Home All Groups Group Topic Archive Search About

Regular expression to match person's name

Author
12 Aug 2006 5:17 PM
Johnny Williams
I'm struggling to create a regular expression for use with VB .Net which
matches a person's name in a string
of words.

For example in "physicist Albert Einstein was born in Germany and"
I want to match "Albert Einstein"

In "scientist Sir Isaac Newton wrote the Philosophiae Naturalis Principia
Mathematica"
I want to match "Sir Isaac Newton"

In all cases the names are capitalised and the first word in the string
starts with a lower case character and the first word after the name starts
with a lower case character.

A regex which matches from the first uppercase character to the first
lowercase character preceded by a space would work, but all my attempts have
so far failed!

Thanks for any help.

Author
12 Aug 2006 6:47 PM
Fabio
Show quote Hide quote
"Johnny Williams" <REMOVEjohnwilliams_***@NOThotmail.com> ha scritto nel
messaggio

> I'm struggling to create a regular expression for use with VB .Net which
> matches a person's name in a string
> of words.
>
> For example in "physicist Albert Einstein was born in Germany and"
> I want to match "Albert Einstein"
>
> In "scientist Sir Isaac Newton wrote the Philosophiae Naturalis Principia
> Mathematica"
> I want to match "Sir Isaac Newton"
>
> In all cases the names are capitalised and the first word in the string
> starts with a lower case character and the first word after the name
> starts
> with a lower case character.
>
> A regex which matches from the first uppercase character to the first
> lowercase character preceded by a space would work, but all my attempts
> have so far failed!

(?<name>[A-Z][a-z]+)

The real problem is: how do you distinguish Albert from Germany as a valid
name?


--

Free .Net Reporting Tool - http://www.neodatatype.net
Author
12 Aug 2006 7:45 PM
Johnny Williams
"Fabio" <znt.fa***@virgilio.it> wrote in message
news:eU5eI$jvGHA.356@TK2MSFTNGP04.phx.gbl...
>
> (?<name>[A-Z][a-z]+)
>
> The real problem is: how do you distinguish Albert from Germany as a valid
> name?

Thanks for your reply Fabio.  Your regex is the standard one for matching
capitalised words, and as such will match Albert, Einstein and Germany as
separate words, and as you say there is no way of determining which of these
is a valid name.  I would like to avoid this problem by extracting the whole
name in a single match.

The regex in the following VB code nearly does the job:

===== Start Module1.vb ======

'Visual Basic Console Application

Imports System.Text.RegularExpressions

Module Module1

    Sub Main()

        Dim re As Regex = New Regex("([A-Z].*?)([ ][a-z])",
RegexOptions.Compiled)
        Dim reMatch As Match
        Dim input, name As String

        input = "physicist Albert Einstein was born in Germany and"

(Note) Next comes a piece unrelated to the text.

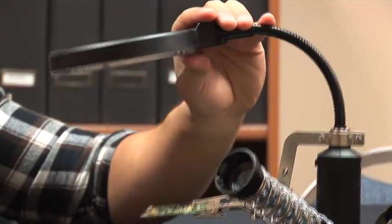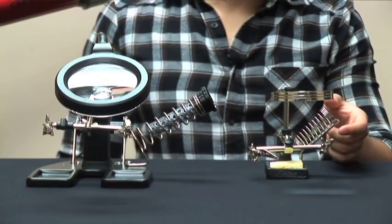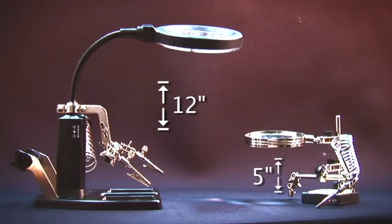Built into the base is a fully adjustable neck, allowing you to position the magnifier wherever you need. When compared to most soldering stands, you can clearly see a difference in the amount of workspace available to you. Most stands cram all their features close together, forcing your hands to be way too close to the hot soldering iron. The Carson model comes equipped with a flexible neck, which allows you to position the lens significantly higher than most soldering stands.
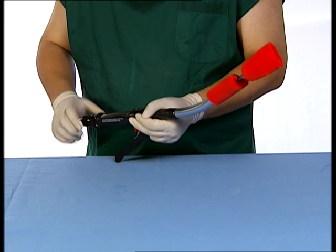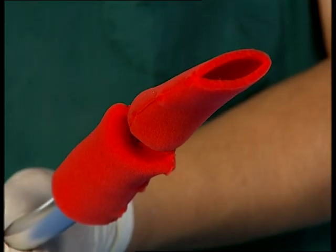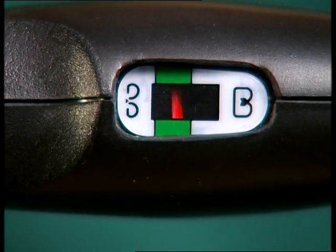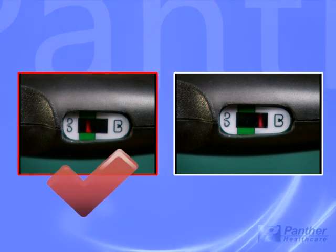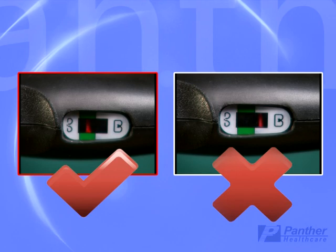The wingnut should be turned clockwise to close the instrument. As the final wingnut adjusting turn is approached, the red line will move into the middle of the green area in the gap setting indicator. Unacceptable staple formation may result if there is excess tissue on one side, which may in turn result in staple line leakage. It is very important to ensure that the instrument is not fired if the red line is not in the middle range of the green gap setting indicator.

        reMatch = re.Match(input)

        If reMatch.Success Then
            name = reMatch.Groups(1).Value
            Debug.WriteLine("|" + name + "|")
        End If

    End Sub

End Module

======= End Module1.vb ========

The above regex correctly matches "Albert Einstein" in the input string as a
single match, and also "Sir Isaac Newton" in my other test string.

However, it's not quite correct because I also want it to match when there
is nothing following the name, e.g. in "physicist Albert Einstein".

Any ideas?  Thanks.
Author
12 Aug 2006 9:31 PM
Fabio
"Johnny Williams" <REMOVEjohnwilliams_***@NOThotmail.com> ha scritto nel
messaggio news:eblb5m$d5g$1@news.freedom2surf.net...


> The regex in the following VB code nearly does the job:

>        Dim re As Regex = New Regex("([A-Z].*?)([ ][a-z])",

I don't think this would work.
It catch also "A&&2373%% xyz" that it's sure it isn't a valid name.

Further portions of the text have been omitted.